10 Amazing Christmas Tree Facts
The Christmas tree is an iconic tradition of modern Christmas culture. It is a symbol of the Christian holiday season known as Christmas and graces homes and offices all over the world.
Did you know that legend has it that the German 16th century protestant reformer, Martin Luther, placed the first candles on an evergreen tree in his home. And nearly four hundred years later, the first Christmas tree farm was started in 1901 with the planting of 25,000 Norway spruce trees on a farm in New Jersey.
Check out ten more facts about this Christmas tradition.
10 Christmas Tree Facts
- Germany is credited with starting the modern Christmas tree tradition as we now know it in the 16th century when devout Christians brought decorated trees into their homes.
- However, Christmas trees predate Christianity by centuries with the ancient Romans decorating trees with small pieces of metal during the winter festival of Saturnalia, in honour of their god of agriculture, Saturnus.
- A tree is prominently displayed in Trafalgar Square from the beginning of December until the 6th of January each year. This is an annual gift from the people of Norway since 1947 in gratitude to their British allies after the Second World War.
The tree is typically a 50 to 60-year-old Norway spruce, generally over 20 metres tall.
- When Germans moved to other countries they took their Christmas tree tradition with them, notably to England.

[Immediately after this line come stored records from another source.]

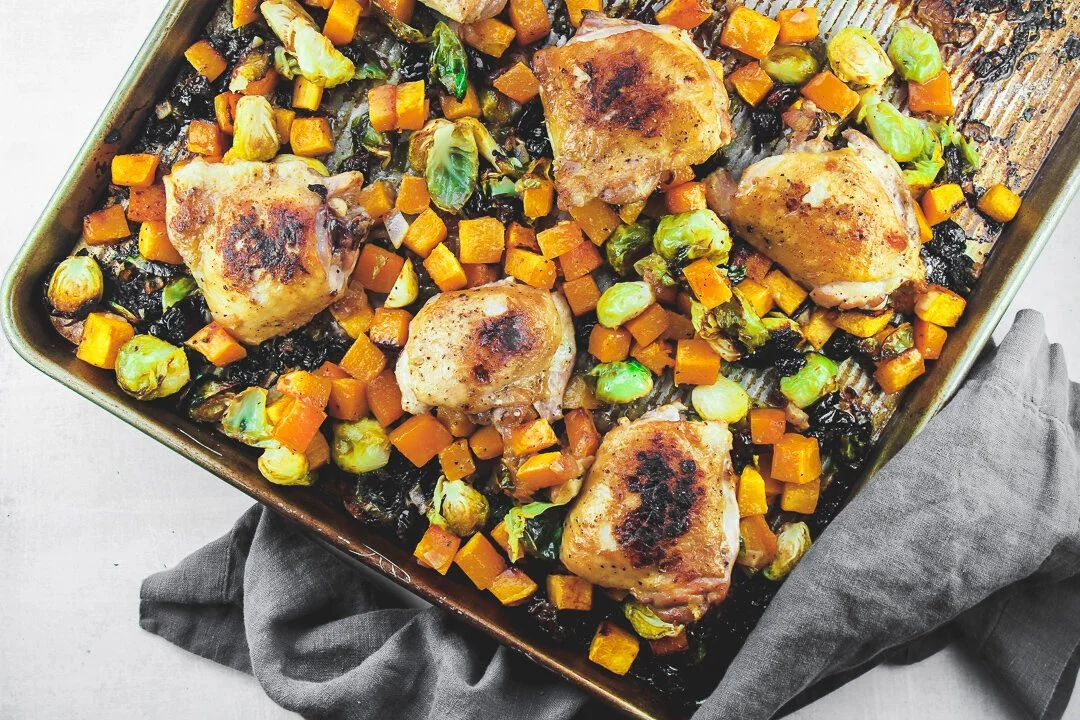 Sheet Pan Chicken Thighs with Brussels Sprouts, Butternut Squash, &amp; Cherries 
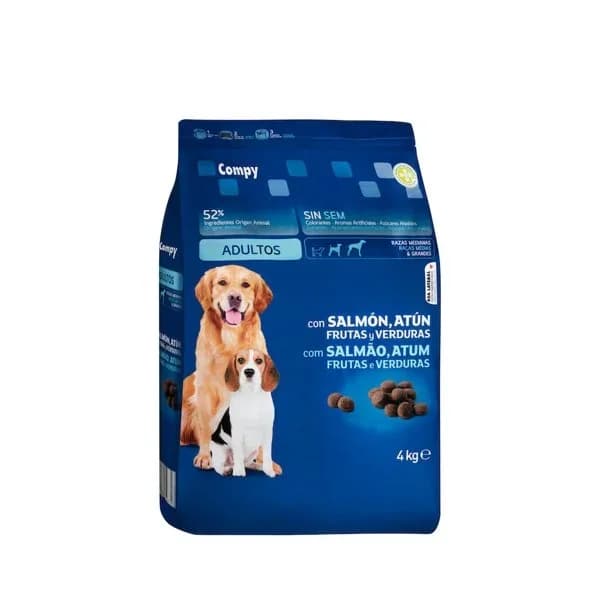 Comida perro adulto Compy con salmón  atún  frutas y verduras - 4 kg - Imagen del producto en Findit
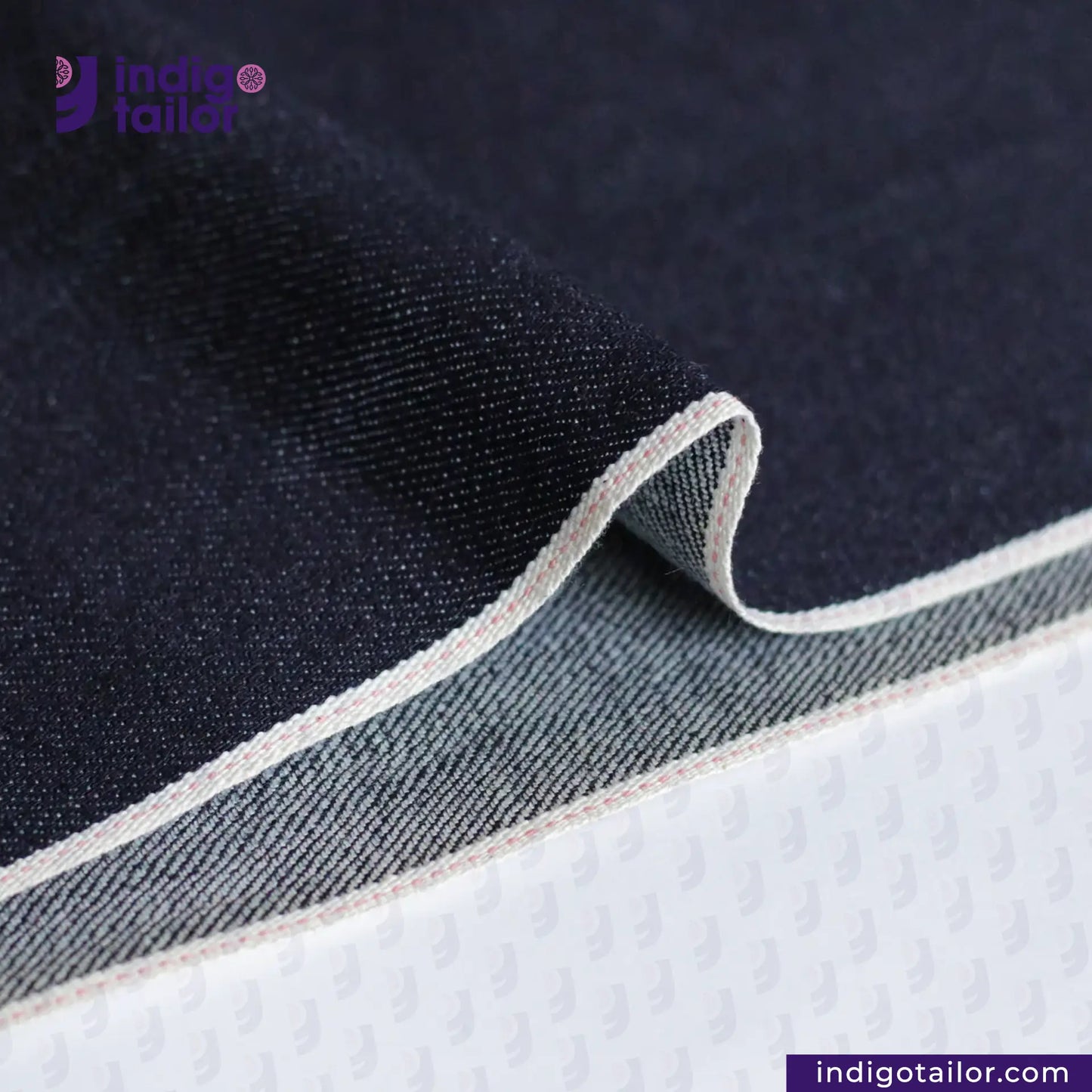 IT-453 STRETCHY SELVEDGE DEEP INDIGO PINK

The German-born wife of King George III, Charlotte, had trees decorated for Christmas in the 1790s. However, it was Queen Victoria and her German-born husband, Prince Albert, who popularized the tradition among the British by making Christmas trees a prominent part of the holiday’s festivities. An illustration of the royal family around a decorated tree appeared in a London newspaper in 1848, popularising Christmas trees in British homes. - The first written record of a decorated Christmas Tree comes from Riga, Latvia in 1510. Men of the local merchants’ guild decorated a tree with artificial roses, danced around it in the marketplace and then set fire to it.
- By the 1890s the American department store Woolworths was selling 25 million dollars of German-imported ornaments made of hand-blown glass and lead to decorate the first trees in American homes.
- A Christmas Tree is a short book by Charles Dickens which was published in 1850, seven years after A Christmas Carol.
The opening lines:
I have been looking on, this evening, at a merry company of children assembled round that pretty German toy, a Christmas Tree. The tree was planted in the middle of a great round table, and towered high above their heads. It was brilliantly lighted by a multitude of little tapers; and everywhere sparkled and glittered with bright objects. - The species Nordman Fir is the most popular Christmas tree in the UK. It is an excellent needle retaining tree due to it being a non-needle drop variety and has strong branches which grow into an attractive and compact shape.
Known for its full shape and hardiness to survive being cut and shipped across long distances, the Fraser fir is considered the most popular and top-selling Christmas tree in North America. - Artificial aluminium Christmas trees were popular in the United States from 1958 until the mid-1960s. These aluminium trees featured foil needles and were illuminated from below via a rotating colour wheel.
- A star or angel might be placed at the top of a Christmas tree to represent the Star of Bethlehem or the Angel Gabriel, from the Nativity.